La música como lengua común
En muchos institutos, el aula d’acollida se llena de canciones: en catalán, en castellano y en las lenguas que trae el alumnado. Traducir una estrofa, explicar por qué esa canción importa, compartirla con la clase ordinaria.

Lectura en cafeterías, plazas y bibliotecas
Ver a alguien leer en catalán fuera del aula, en una plaza o en una cafetería, ayuda a imaginarse a una misma usando esa lengua más allá de los deberes.

La ciudad como aula extendida
Paradas de bus, mercados, murales, festivales de barrio… Cada señal, cada conversación corta en la tienda, cada saludo a un vecino, va sumando capas al aprendizaje de lengua y a la pertenencia.
Preguntas frecuentes sobre el aula d’acollida
¿Qué es exactamente un aula d’acollida?
Es un espacio dentro de un centro educativo de Cataluña pensado para acompañar al alumnado recién llegado en el aprendizaje del catalán y en la adaptación a la escuela. Se combina con la asistencia al grupo ordinario y tiene carácter temporal.
¿Cuánto tiempo permanece el alumnado en el aula d’acollida?

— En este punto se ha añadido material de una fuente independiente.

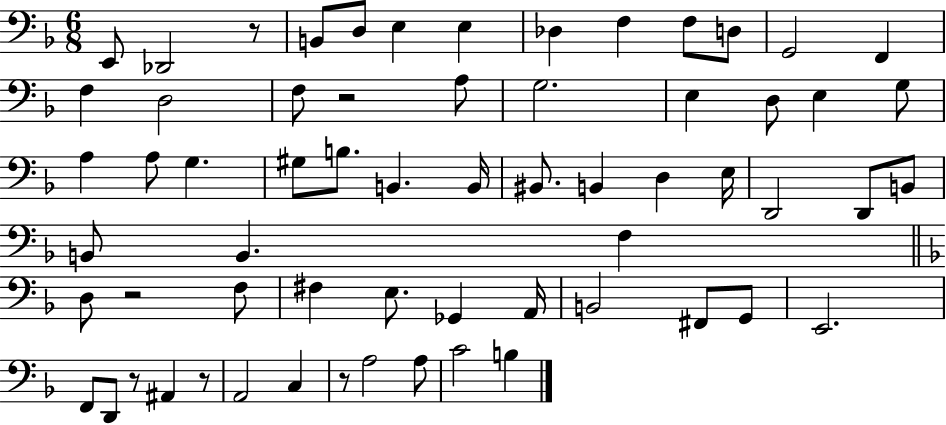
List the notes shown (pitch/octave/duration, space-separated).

Depende de la edad, la experiencia escolar previa, la lengua de origen y la situación personal. En la práctica, puede ir de unos meses a dos cursos. La salida se decide de forma coordinada entre tutoría, profesorado de acogida y familia.
¿La aula d’acollida es obligatoria para todo el alumnado recién llegado?
Se ofrece como recurso cuando la persona no domina el catalán suficiente para seguir el ritmo del grupo ordinario. El objetivo no es separar, sino facilitar que el alumnado pueda participar con más seguridad y autonomía en el conjunto del centro.
¿Cómo pueden implicarse las familias en el aula d’acollida?
Participando en reuniones con traducción cuando sea necesario, compartiendo información sobre la trayectoria escolar previa y proponiendo actividades (cuentos, canciones, recetas, relatos) que conecten la escuela con la experiencia familiar y comunitaria.
¿Se puede usar la lengua de origen en el aula d’acollida?
Sí. La lengua de origen es un recurso, no un problema. Se puede usar para traducir, para explicar conceptos complejos y para compartir relatos. El objetivo es que el catalán se sume, no que borre las lenguas que ya forman parte de la vida del alumnado.
¿Funcionan igual todas las aulas d’acollida?
No. Cada centro organiza horarios, grupos y actividades según su realidad. Lo que suele repetirse es la combinación de horas de catalán intensivo, acompañamiento al alumnado recién llegado y coordinación con el grupo ordinario para reducir barreras.